What Section 2 says
Section 2 of the Voting Rights Act of 1965 prohibits any voting practice or procedure that 'results in a denial or abridgement' of the right to vote on account of race, color, or membership in a language minority group. Unlike some other parts of the law, Section 2 applies nationwide and is enforced primarily through lawsuits brought by the federal government or private plaintiffs.
How it applies to district maps
Under a 1986 Supreme Court decision, Thornburg v. Gingles, plaintiffs challenging a map under Section 2 must generally show three things: that a minority group is large and geographically compact enough to form a majority in a district, that it votes cohesively, and that the majority votes as a bloc to usually defeat the minority's preferred candidates.
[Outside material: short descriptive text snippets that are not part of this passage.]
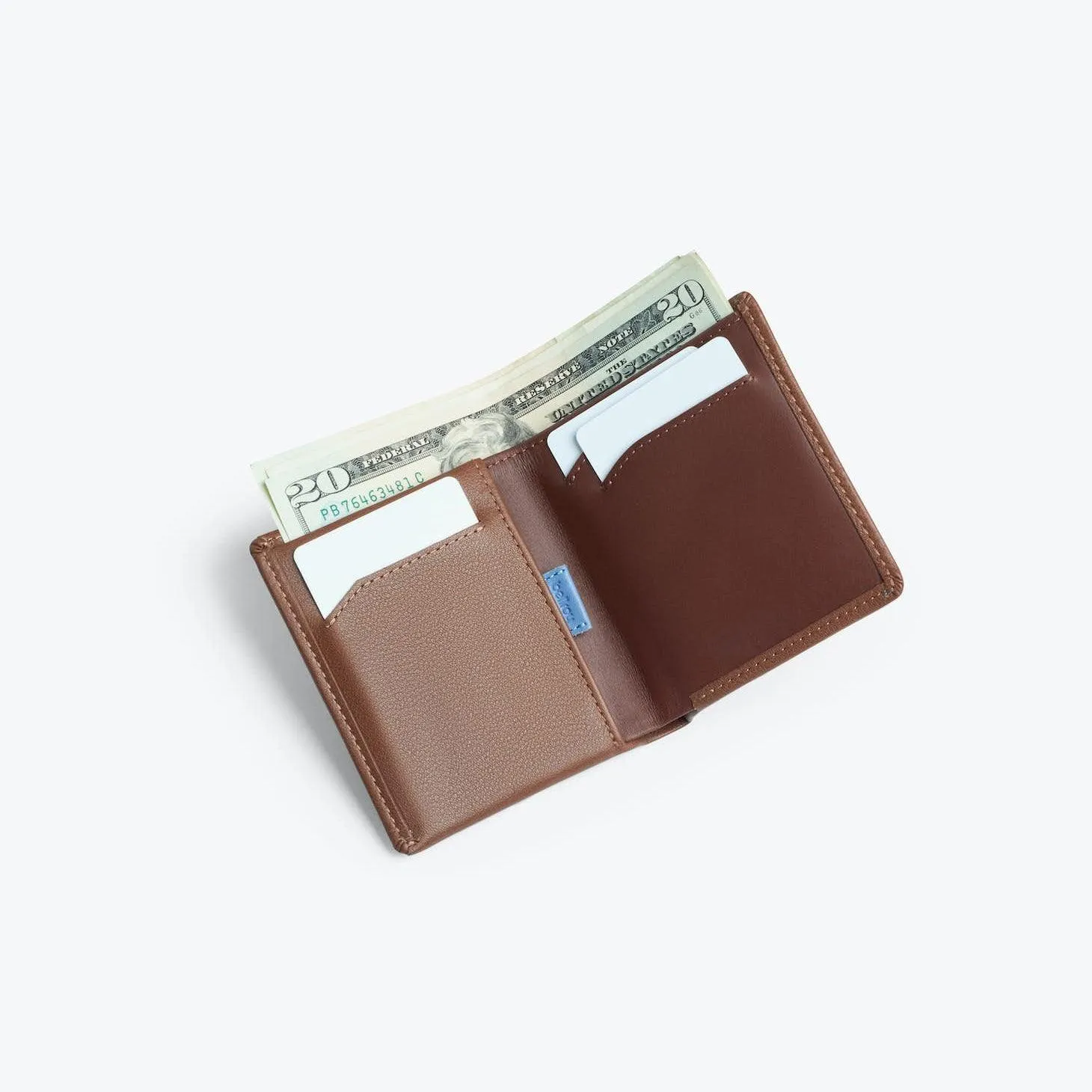 Bellroy Note Sleeve | Slim Men's Leather Wallet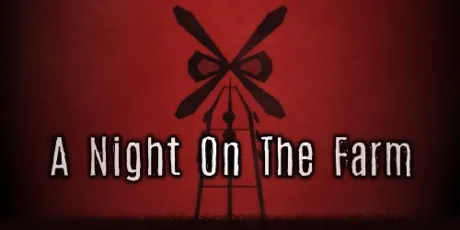 Portada de A Night on the Farm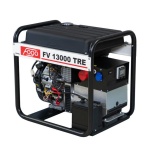 Генератор бензиновий FOGO FV 13000 TRE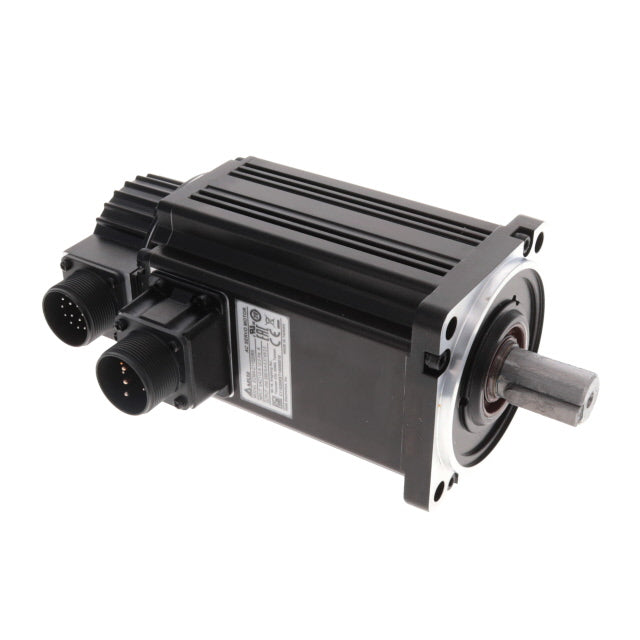 Delta ECMA-J11020RS | ASDA-A2 Series AC Servo Motor | 2kW (2000W) | 400V Three-Phase | 3000 RPM 6.37 Nm | 20-bit Encoder | Keyway + Oil Seal | Brand New Original-YingZhou Automatization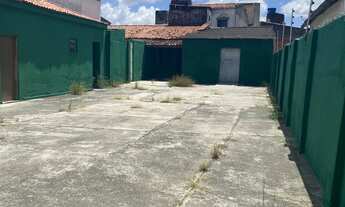 Imagem 5: Casa para Venda em rua publica no centro, Feira de Santana, com 3 quartos, 1 sala, 538m² d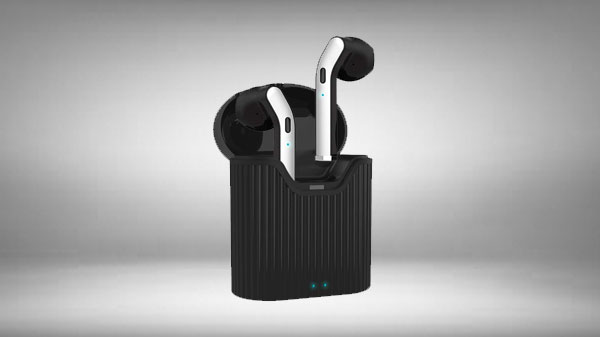 71% Off On pTron Bassbuds Duo in-Ear True Wireless Headphones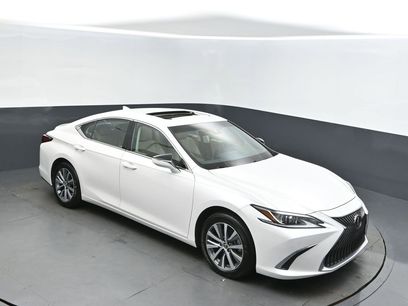 Used 2019 Lexus ES 350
If those conditions are met, courts weigh the 'totality of circumstances' to decide whether a map dilutes minority voting strength.
The Alabama case
Alabama is about 27% Black. After the 2020 census, the state drew a congressional map with one majority-Black district out of seven. In Allen v. Milligan (2023), the Supreme Court ruled 5-4 that the map likely violated Section 2 and ordered the state to draw a second district that was majority-Black or close to it.
Litigation over the boundaries continued. On June 3, 2026, the Supreme Court cleared the way for Alabama to use a congressional map that again contained only one majority-Black district, a result that supporters of the earlier ruling said weakened its practical effect and that the state said reflected legitimate map-drawing choices.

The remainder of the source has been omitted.